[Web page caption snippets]
Start of Block

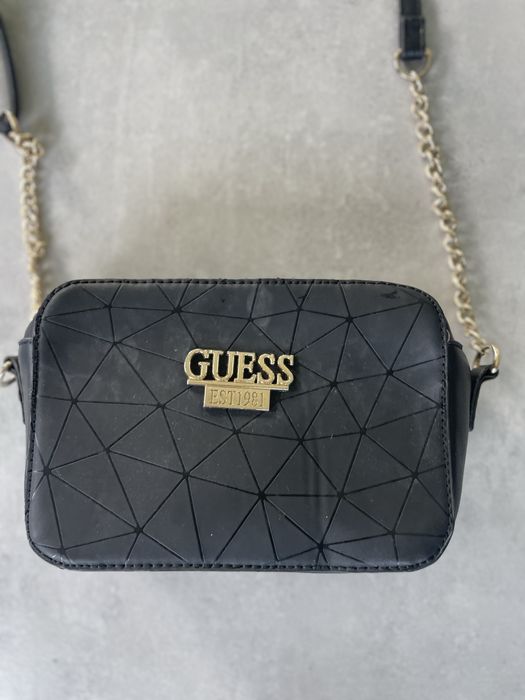 Elegancka Torebka damska czarna Guess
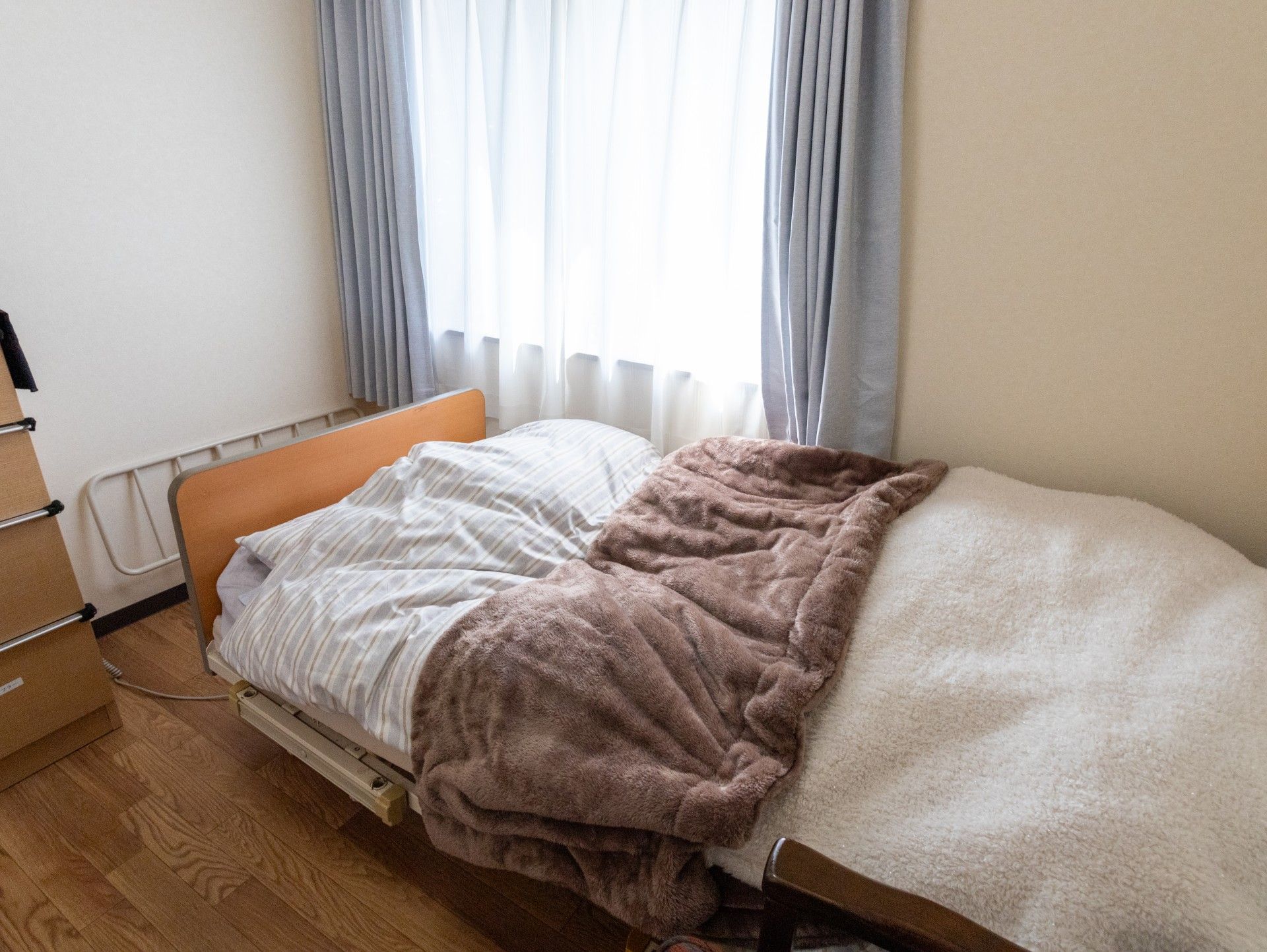 柔らかな光が差し込む部屋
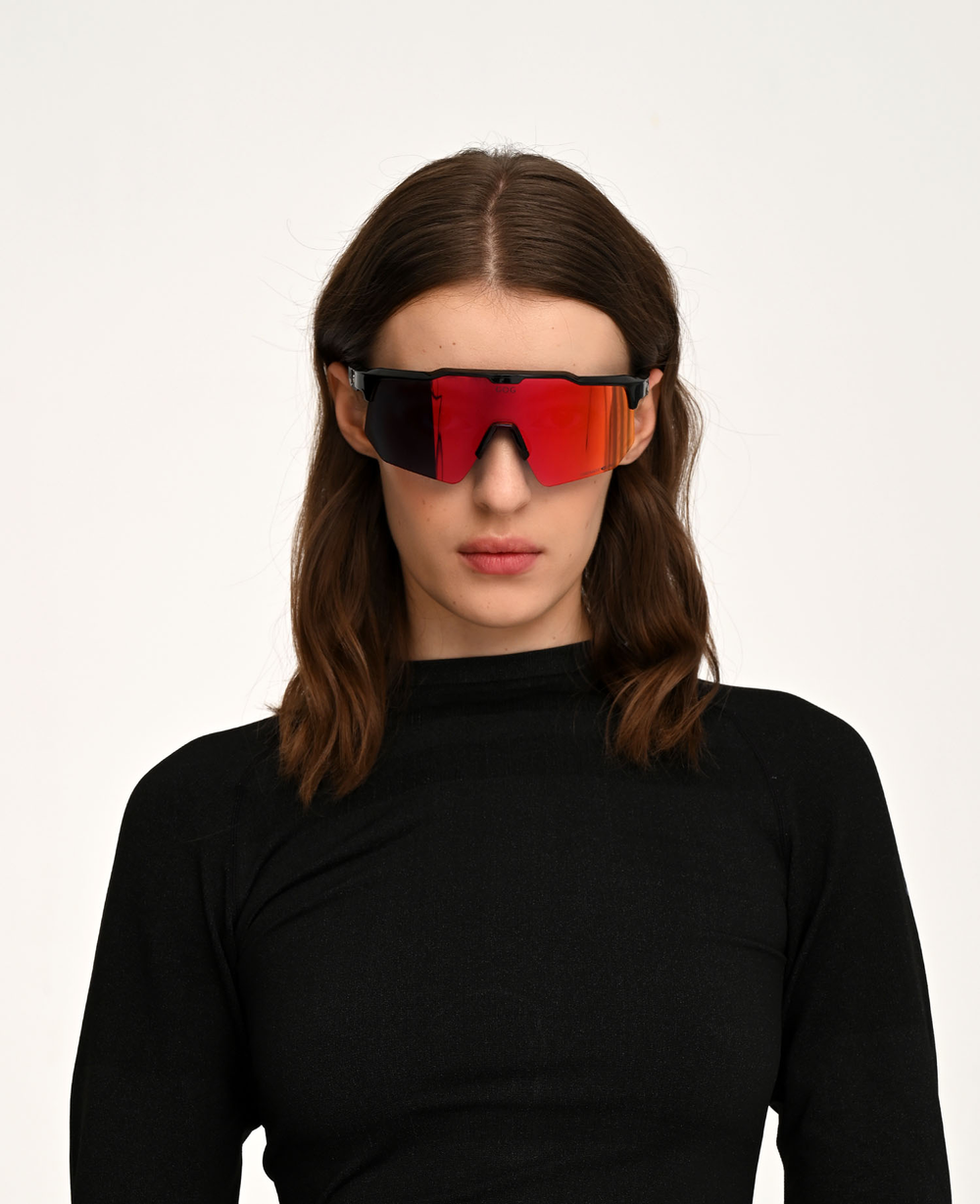 Спортивные очки GOG Loki / Black/Red / Photochromic Reflex Red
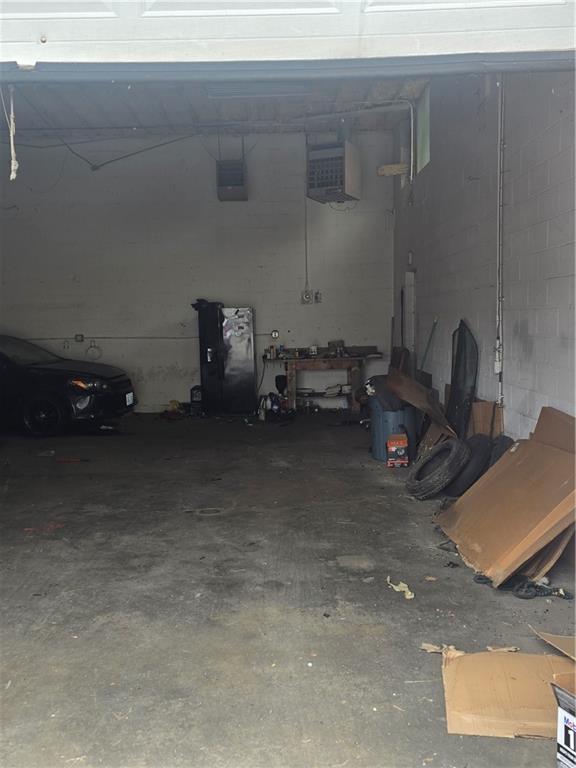 697 Killingly Street Property Photo 8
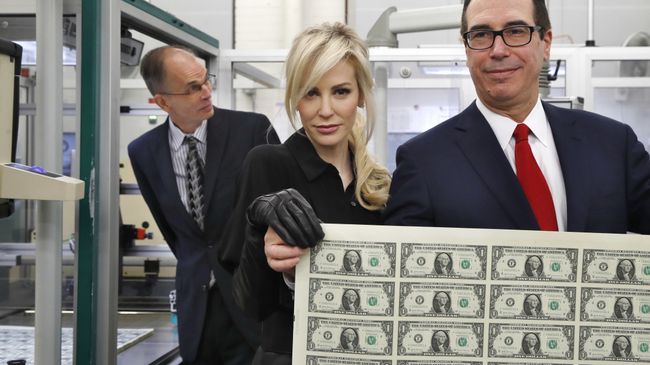 Глава Минфина США Стивен Мнучин и его жена Луиза Линтон Глава Минфина США Стивен Мнучин и его жена Луиза Линтон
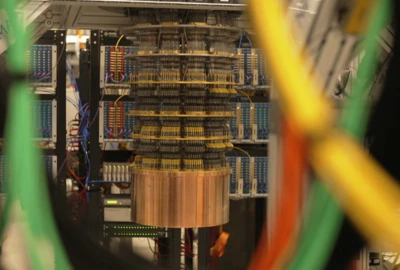 درون تاسیسات و تجهیزات کامپیوتری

End of Block

**Problem**: Your task is to transcribe exactly the lines from the one containing "697 Killingly Street Property Photo 8" through the final line of the entries above, pictures excluded.

**Solution for this problem**:
 697 Killingly Street Property Photo 8
 Глава Минфина США Стивен Мнучин и его жена Луиза Линтон Глава Минфина США Стивен Мнучин и его жена Луиза Линтон
 درون تاسیسات و تجهیزات کامپیوتری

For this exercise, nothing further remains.